HomeOpinion & AnalysisMine disasters: Govt dropping ball

Mine disasters: Govt dropping ball

The unfolding tragedy where dozens of miners have been trapped underground after an abandoned gold mine collapsed in Bindura last Wednesday raises serious questions over the safety of mining operations across the country.


Six men have so far been rescued alive from the mine, but 30 people remained unaccounted for as of yesterday.

Rescue efforts were complicated by the fact that the 100-metre-long mine shaft was flooded and that the teams were not adequately prepared.

For example, a lot of time was lost after the generator used to drain the water jammed and a replacement was only found several hours later.

The Bindura incident came hard on the heels of another mine collapse in Esigodini in Matabeleland South where six miners are feared dead after they were trapped underground more than two weeks ago.

In Chegutu, five miners died when a gold mine collapsed in September.

Last year, tragedy also struck in Battlefields, near Kadoma, when 24 miners died after two gold mines collapsed following heavy rains.
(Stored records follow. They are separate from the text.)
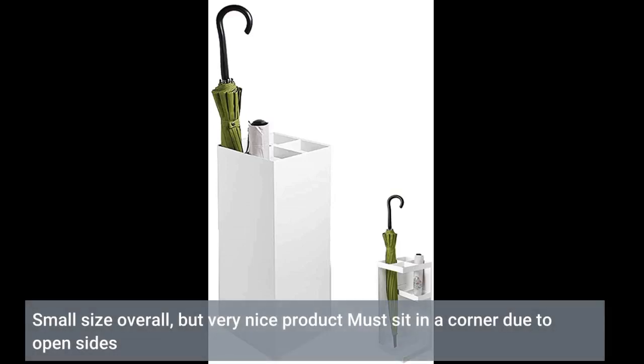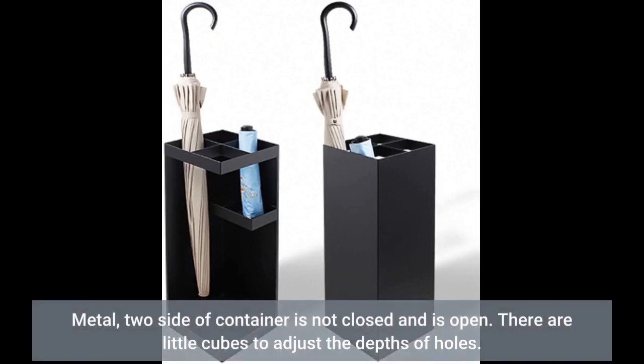Small size overall, but very nice product. Must sit in a corner due to open sides. Metal, two sides of the container are not closed and are open. There are little cubes to adjust the depths of holes.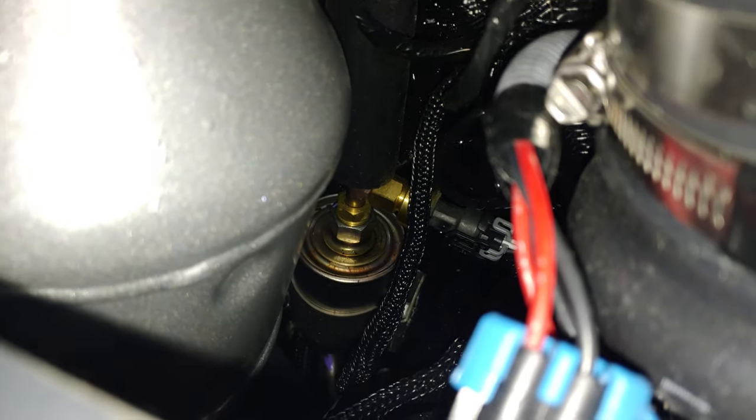At this point I still hadn't found the fuel filter, but I decided to look at where that fuel line goes. I know that the fuel line connects somewhere down in here. It's really hard to show on the camera, but I did find where the fuel line goes, and then voila — there is the fuel filter.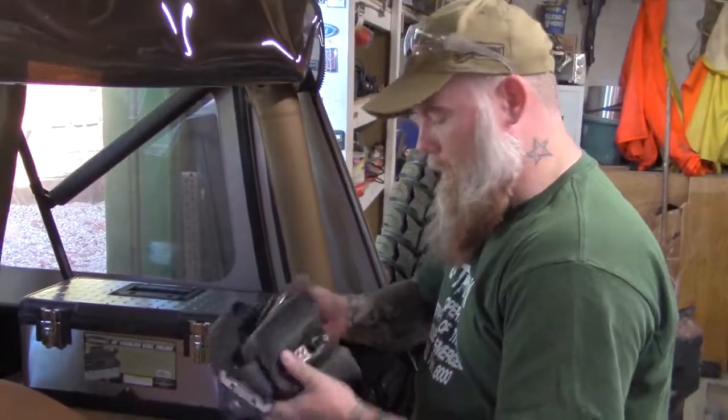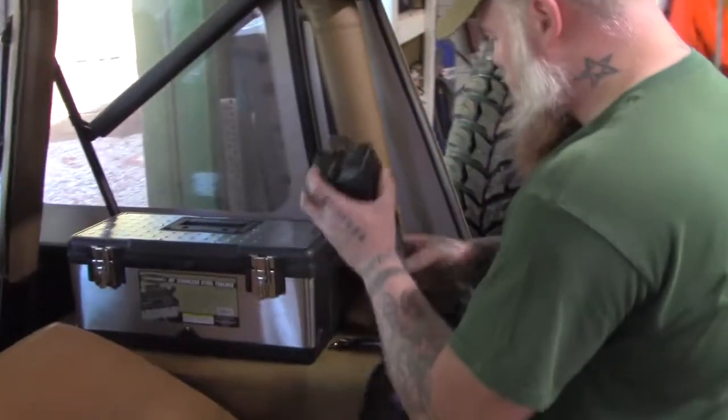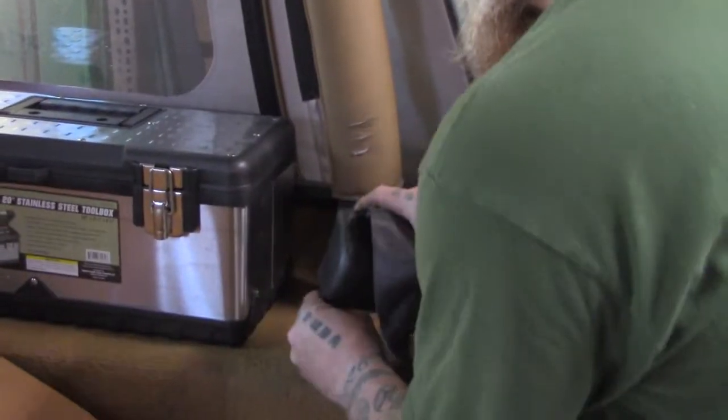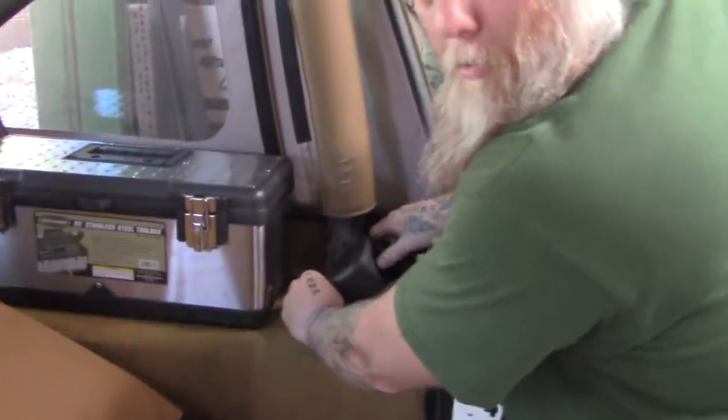Got all the old stuff out of the way, don't need it anymore. The new ones bolt right into the same place as the old ones, and surprisingly the bolts actually fit the holes, which never seems to be the case.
The now frequent mine collapses point to very serious problems in the mining sector that need urgent attention from both the miners and the government.

Most of these mines that are collapsing are owned by small-scale miners and this could be an indication that they are not investing as much as they should in the safety of their workers.

The government has also been caught napping when it comes to the regulation and monitoring of the mining sector, hence the spike in serious accidents around the mines.

According to a recent audit report by the auditor-general Mildred Chiri, investigations undertaken across the country revealed that “the ministry (of Mines and Mining Development) had not been able to carry out adequate monitoring of occupational health and safety issues in mining operations and there was high risk that mining operators would not comply with regulations, which require them to create and maintain a safe working environment”.

Chiri pointed out that some of the shortcomings were the “absence of a database for mining claims, inadequate routine (preventive) inspections, uneven vehicle distribution and lack of testing and disaster recovery equipment”.

The audit pinpointed the many reasons behind the now frequent mine accidents and it is high time the authorities took note of these red flags.

Zimbabwe’s deepening economic problems have forced millions into informal mining activities and the government must respond by ensuring that the working environment is safe for the multitudes.

The government has to also, as a matter of urgency, invest in disaster recovery equipment to ensure that what is happening in Bindura and Esigodini where miners remained trapped underground for several days because there is no suitable equipment to mount rescue operations, does not recur.